PHILADELPHIA — After state party officials cheerfully reported their delegates to the Democratic National Convention, insurgent delegates who had backed Bernie Sanders staged a walkout and about 100 or more occupied a press tent for a little more than an hour.

Sanders has repeatedly endorsed Hillary Clinton, the winner of the Democratic party’s nominating contest, but has so far failed to move the most ardent supporters of his candidacy to support the former first lady, New York senator and secretary of state.

“The political revolution is about us, all of us. It’s not about Bernie. It’s about all of us,” North Dakota delegate Michael Lopez said. He said, “This is to say that we believe the process has been flawed and has been tainted.”
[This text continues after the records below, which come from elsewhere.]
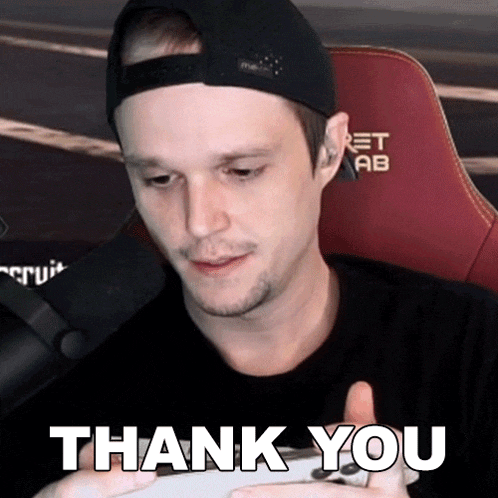 a man in a hat is holding a game controller and says " thank you "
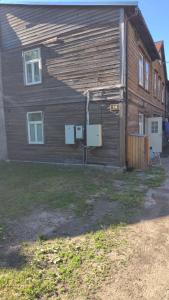 a wooden house with a yard in front of it at City apartment in Pärnu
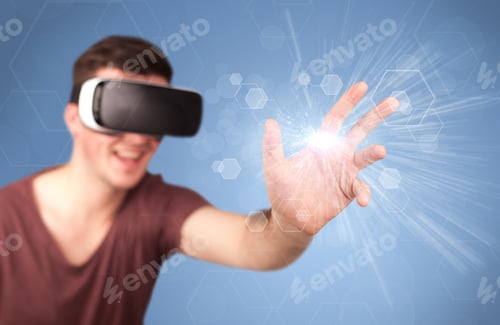 Preview: Young Impressed Man Wearing Virtual Reality Goggles With Blue Hexagons Around Him
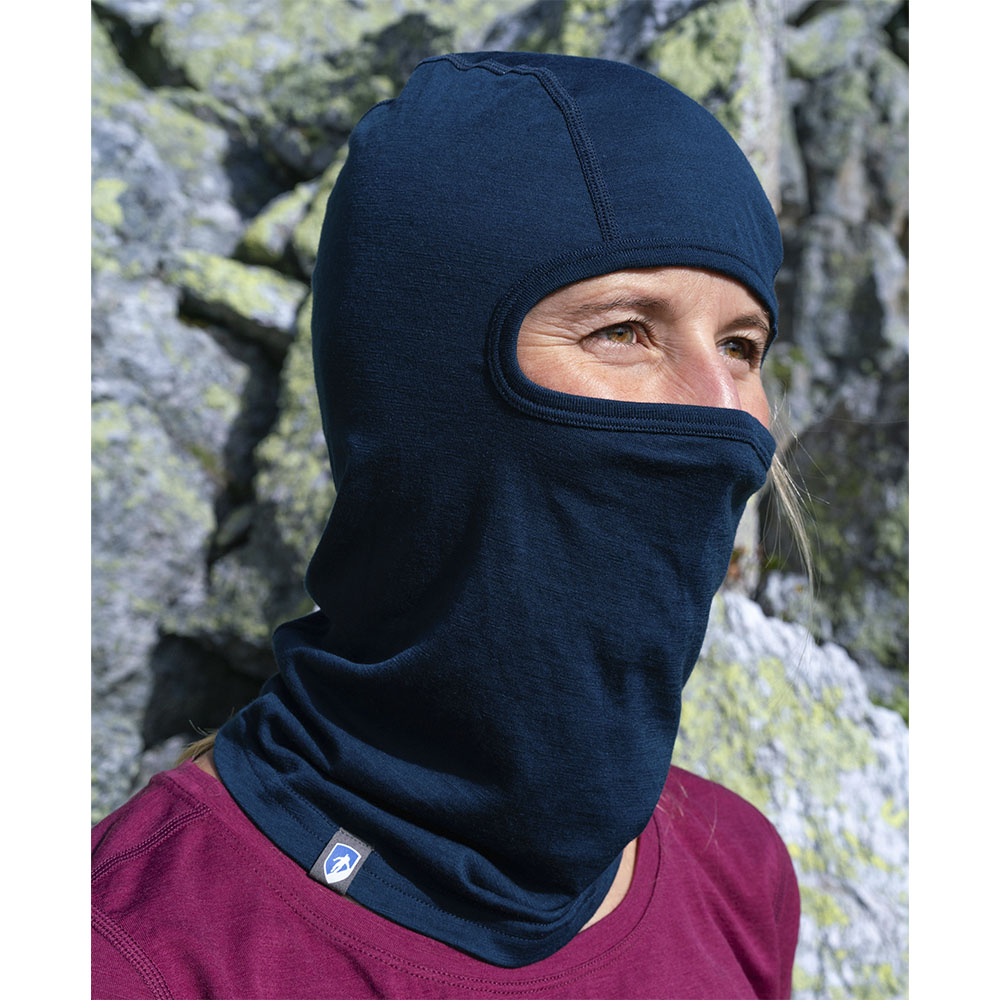 Person trägt Merino Sturmhaube und Skimaske Herren & Damen in felsiger Outdoor-Umgebung, zeigt nur Augen und Nase, ideal für kalte Outdoor-Aktivitäten.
Lopez claimed a convention staffer wearing a yellow vest told them not to display signs for Sanders after Clinton won the convention’s vote.
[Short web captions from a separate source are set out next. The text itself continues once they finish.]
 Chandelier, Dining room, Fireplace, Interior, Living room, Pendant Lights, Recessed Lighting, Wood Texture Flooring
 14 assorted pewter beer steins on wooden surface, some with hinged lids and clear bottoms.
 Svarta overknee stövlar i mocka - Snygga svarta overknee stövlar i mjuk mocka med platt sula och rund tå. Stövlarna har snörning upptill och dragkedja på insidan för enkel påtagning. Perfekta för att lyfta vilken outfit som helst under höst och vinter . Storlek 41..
“They threatened to arrest us if we displayed Bernie signs inside,” Lopez told the News Service.

Kate Moran, a delegate for Sanders from Washington, told reporters the walkout occurred after Sanders moved to send his votes to Clinton.

The walkout was not apparent from video of the proceedings posted by the party. Convention Chairwoman Ohio Congresswoman Marcia Fudge said that “in the spirit of unity” Sanders moved that Clinton be nominated by acclimation.
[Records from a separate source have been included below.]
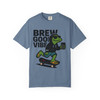 “Blue Jean tee showing gecko mascot Bert skateboarding in hoodie and sunglasses while sipping coffee, text ‘Brew Good Vibes,’ Gecko Skate Crew Tee by Coo Coo’s Coffee.”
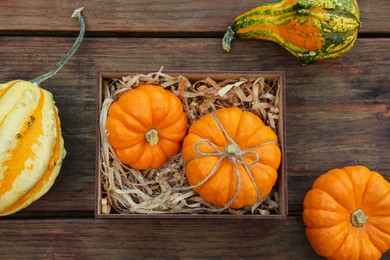 Photo of Crate and ripe pumpkins on wooden table, flat lay
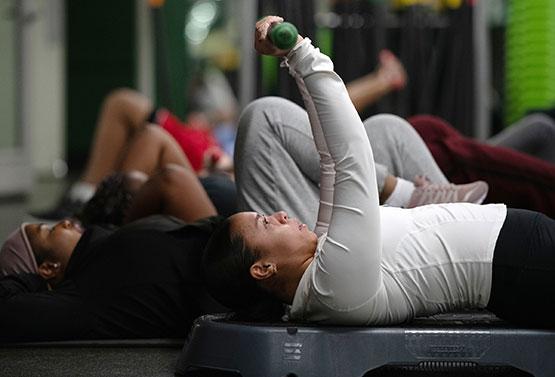 Jazmin Roberts performs a weight press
Sanders supporters point to evidence, including emails released late last week by Wikileaks, that the party apparatus favored Clinton. Clinton supporters and others have publicly suspected Russia of hacking the party’s emails.

In mid-June the Washington Post reported a security breach at the Democratic National Committee that allowed intruders to read all email and chat traffic, and said the security firm CrowdStrike had identified hacker groups working for Russia, though the country denied involvement.

On Sunday, before the official start of the Philadelphia convention, Florida Congresswoman Debbie Wasserman Schultz resigned as chair.

In an email late Monday afternoon, Sanders warned his delegates not to walk out of the convention hall, warning public displays of disunity would benefit Republican candidate Donald Trump.

“Our credibility as a movement will be damaged by booing, turning of backs, walking out or other similar displays. That’s what the corporate media wants. That’s what Donald Trump wants. But that’s not what will expand the progressive movement in this country,” the Sanders email said. “I know everyone is frustrated, especially by the recent DNC email disclosures. But, as a result of this disclosure Debbie Wasserman Schultz was forced to resign. This is a very positive sign.”

The protestors entered the press tents, surprising the news media working there, a little after 7 p.m. and then left after a little more than an hour.

Asked why the group went into the news media tent, Lopez said, “The media’s our last hope.”